ジャーナリストの伊藤詩織さんが、元TBS記者の山口敬之さんから性的暴行を受けたとして損害賠償を求めた訴訟の控訴審判決が1月25日、東京高裁であった。中山孝雄裁判長は、山口さんに慰謝料などの支払いを命じた一審判決を支持し、約332万円の賠償を命じた。一方で、伊藤さんに名誉を傷つけられたとする山口さんの反訴請求の一部を認め、伊藤さんに55万円の支払いを命じた。
東京高裁は、性行為の合意がなかったと判断した一審判決を支持し、山口さんの不法行為を認定。賠償額を増額し、山口さんに対し、慰謝料など332万8300円の支払いを命じた。一方、一審判決で棄却された山口さんの反訴請求については、デートレイプドラッグに関する公表が真実性、または真実相当性がないとし、山口さんへの名誉毀損などにあたるとして、伊藤さんに対して55万円の支払いを命じた。
2019年12月の一審判決で、東京地裁は「酩酊状態にあって意識のない伊藤さんに合意のないまま性行為に及んだ」と認定し、山口さんに損害賠償の支払いを命じた。また、名誉を傷つけられたとして反訴した山口さん側の請求を棄却。山口さんは判決を不服として、2020年1月に控訴していた。
どんな裁判なのか? これまでの経緯は
伊藤さんは2015年4月、就職相談のため山口さんと都内で食事をした後、ホテルで性的暴行を受けたとして警視庁に被害届を提出。
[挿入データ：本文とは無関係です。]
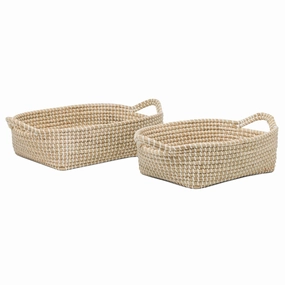 Roslyn Seagrass Storage Baskets (Natural/White) Decorative Baskets clearance deals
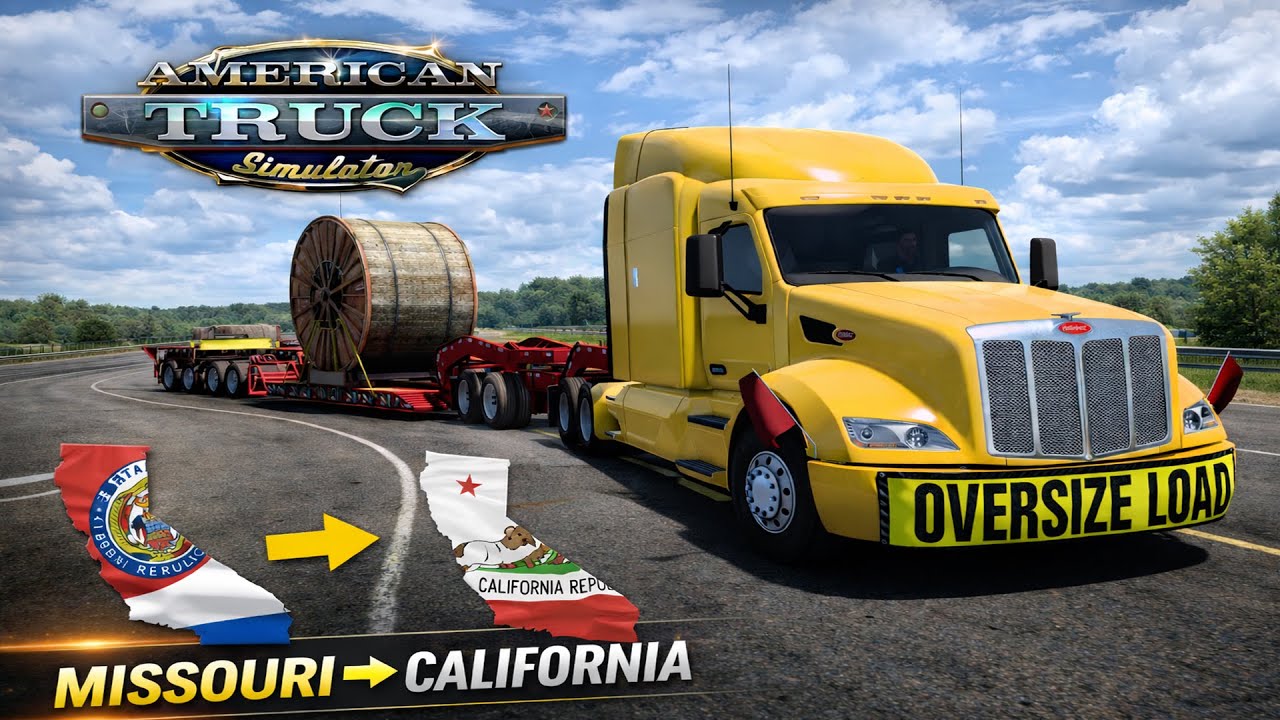 American Truck Simulator | Peterbilt Hauls Cable Wheel 🚛 Missouri ➝ California | Realistic Drive
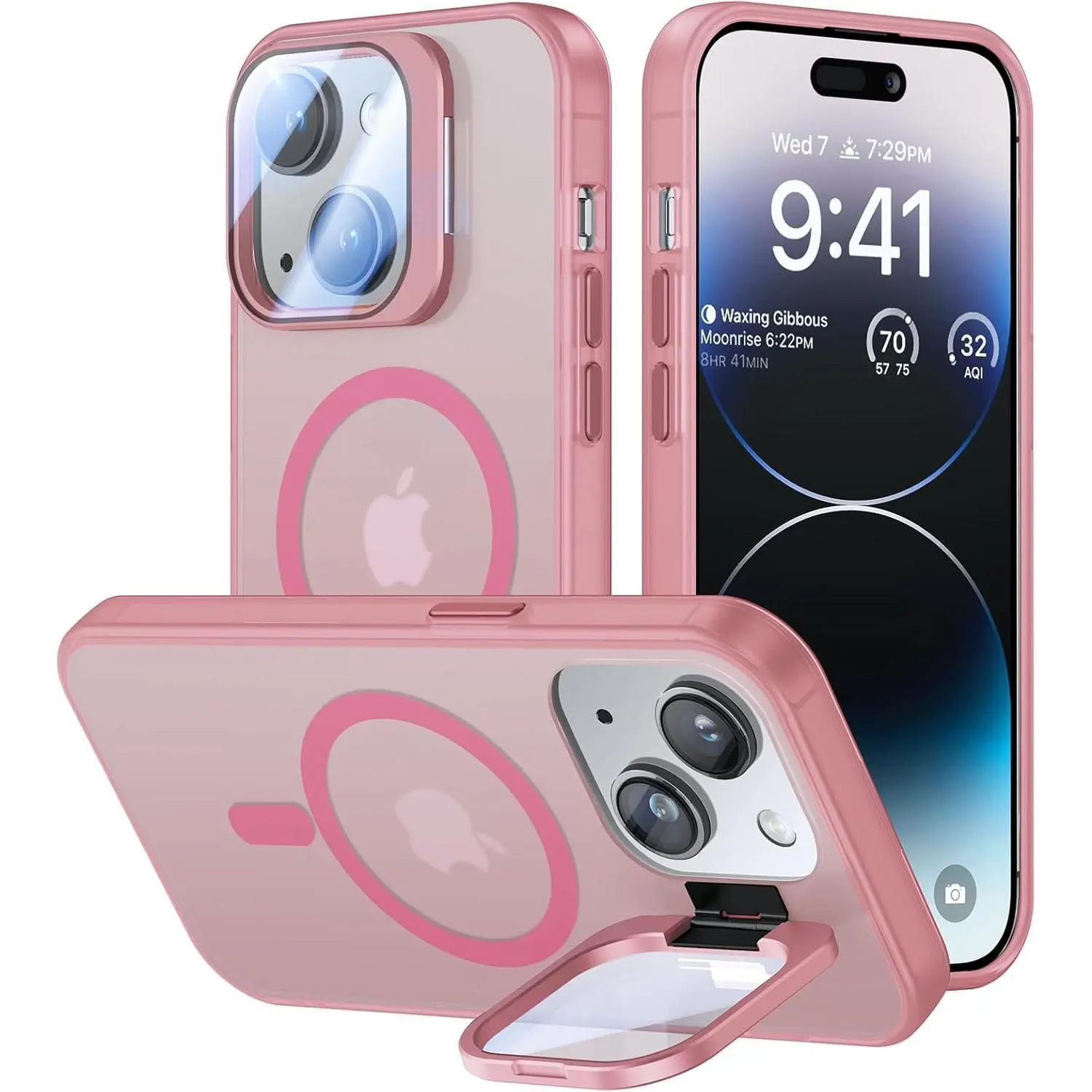 For iPhone 13 Case/iPhone 14 Case with Camera Cover Stand [Built-in 9H Camera Lens Protector][Fit for Magsafe] Military Grade Shockproof Translucent Matte Magnetic Phone Case 6.1",Pink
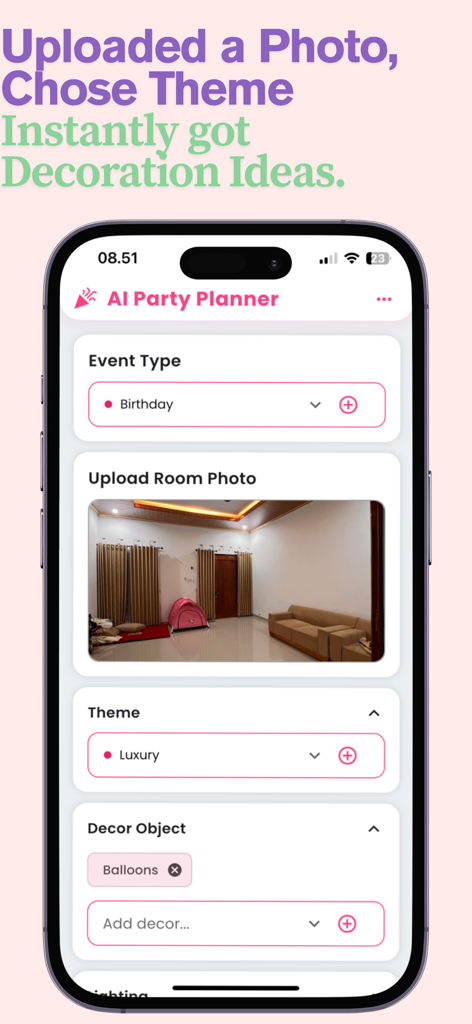 AI Party Planner & Designer - Screenshot of the AI Party Planner app showing the event setup screen with room photo upload and theme selection options.
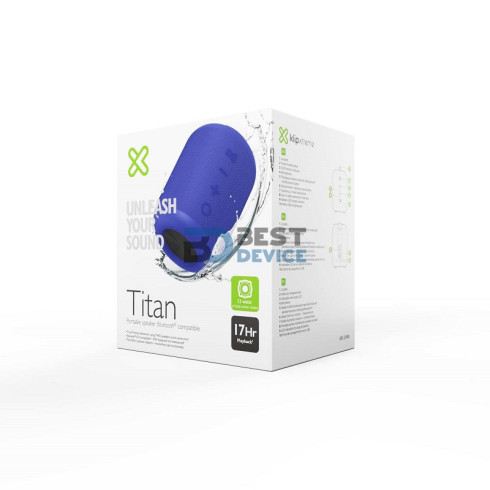 PARLANTE KLIP XTREME 12W KBS-200BL TITAN AUX/BT/BAT/IPX7/TWS/AZUL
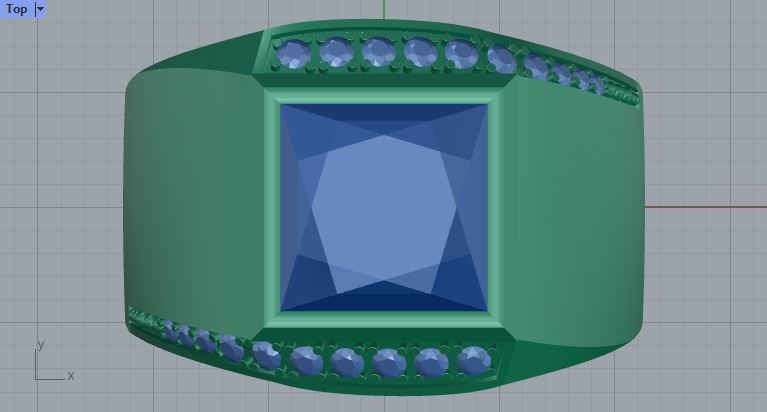 Men ring college ring set diamonds 3D print model_2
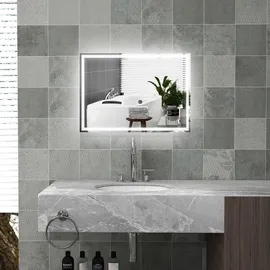 Homcom Badspiegel mit LED-Leuchte, 70 x 50 cm Silber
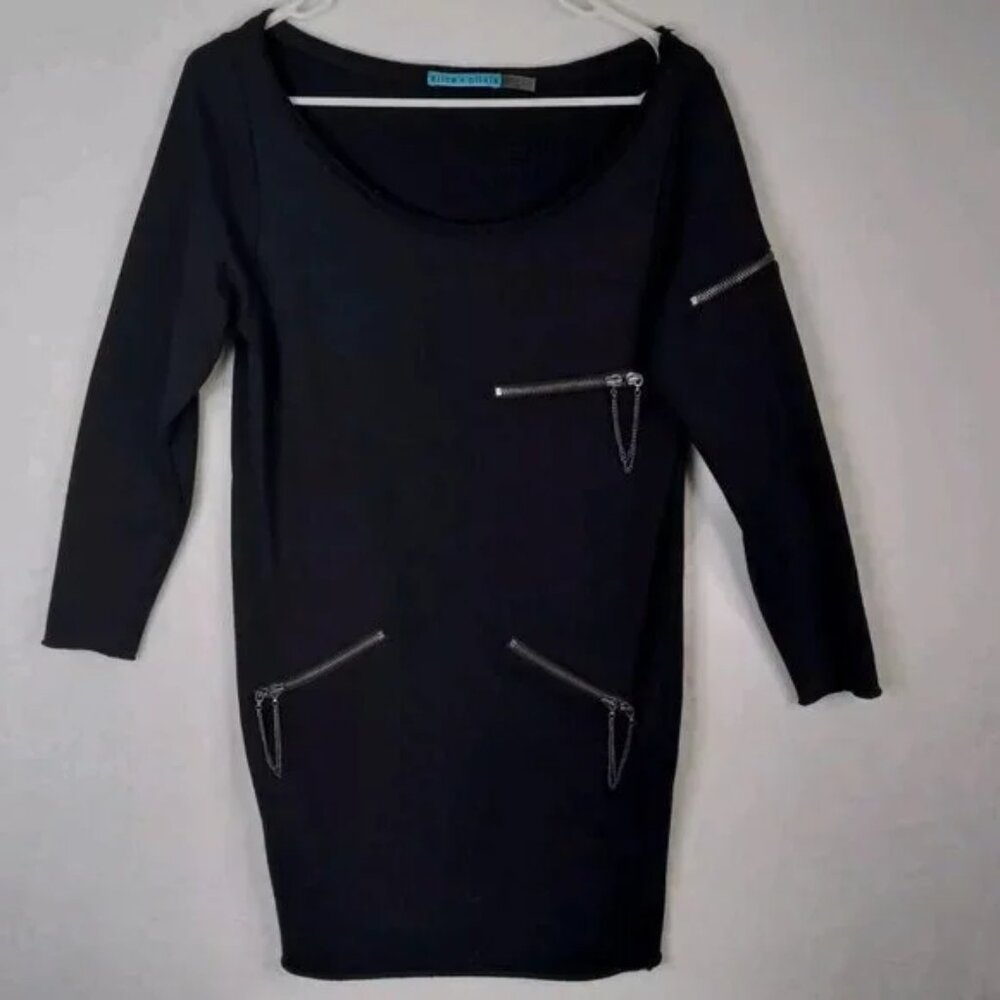 (SALE) Alice + Olivia Boat Neck Solid Black Zipper Detail Mini Dress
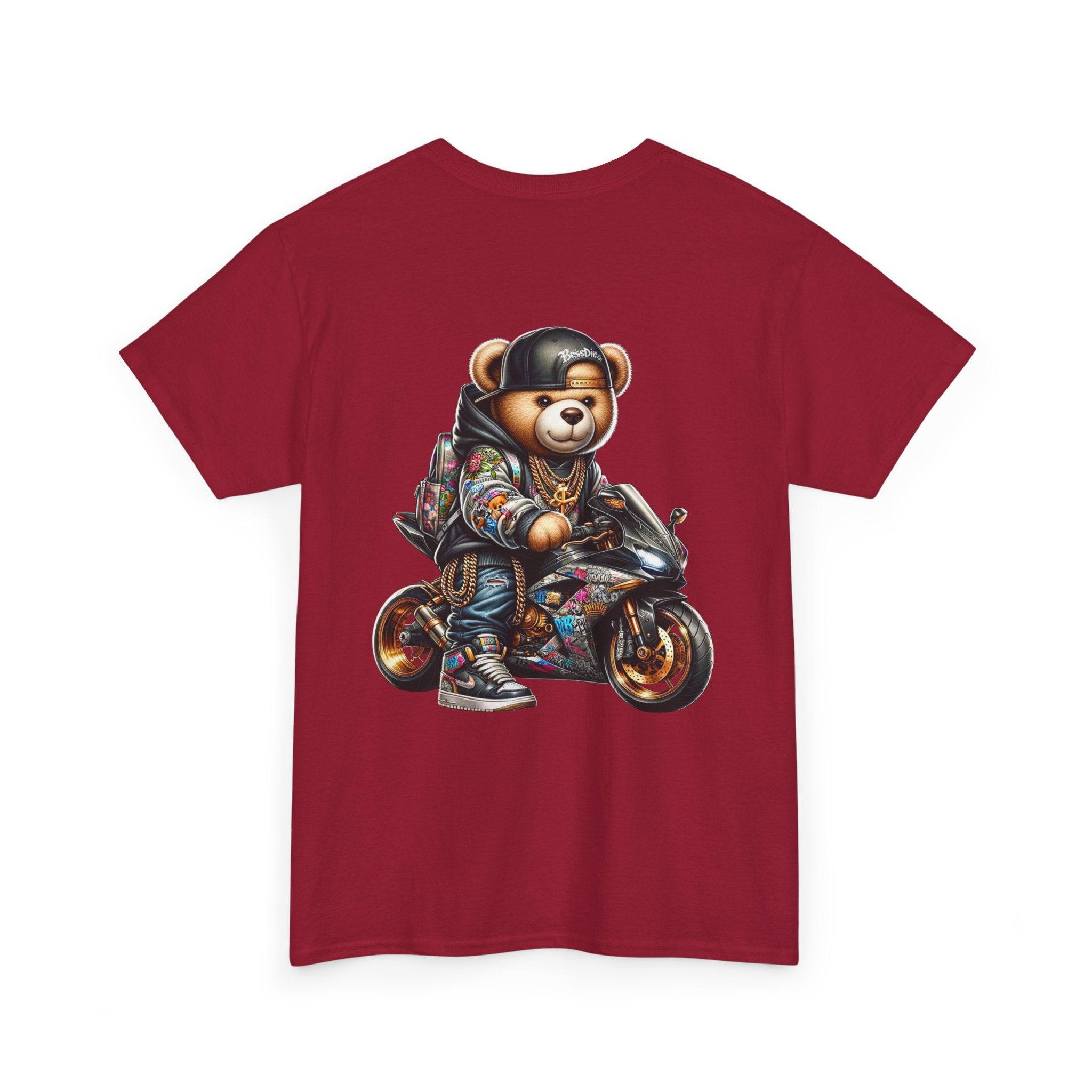 Gangsta Biker Teddy Bear Unisex Heavy Cotton Tee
準強姦容疑事件として捜査されたが、東京地検は嫌疑不十分で不起訴処分とした。
2017年5月に伊藤さんは名前と顔を出して記者会見し、検察審査会に不服申し立てをしたことを公表。検察審査会は同年9月、「不起訴相当」と判断した。
その後伊藤さんは、望まない性行為で重大な肉体的・精神的苦痛を被ったとして、山口さんに慰謝料1100万円の損害賠償を求めて民事訴訟を起こした。
一方、山口さんは、性行為は伊藤さんとの同意の下で行われ、不法行為はなかったと反論。伊藤さんが記者会見や書籍の公表などを通じて性暴力被害を訴えたことで、自身の名誉を毀損されたなどとして、慰謝料など1億3000万円の損害賠償や謝罪広告の掲載を求めて反訴した。
一審は山口さんに賠償命令
2019年12月18日にあった一審・東京地裁判決で、鈴木昭洋裁判長は伊藤さんの主張を認め、性行為に合意がなかったと認定。また、山口さん側の反訴請求は棄却した。
判決文では、山口さんが「酩酊状態にあって意識のない原告(編集部注:伊藤さん)に対し、合意のないまま本件行為に及んだ事実」と「意識を回復して性行為を拒絶した後も原告の体を押さえつけて性行為を継続しようとした事実」が認められると指摘。山口さんに慰謝料など330万円の支払いを命じた。
また、反訴請求については、伊藤さんが被害を公表したことは性犯罪被害を取り巻く法的、社会的状況の改善を目指したものだとし、「公益をはかる目的だと認められる」と判断。山口さんの名誉を毀損する行為ではないとして、請求を棄却していた。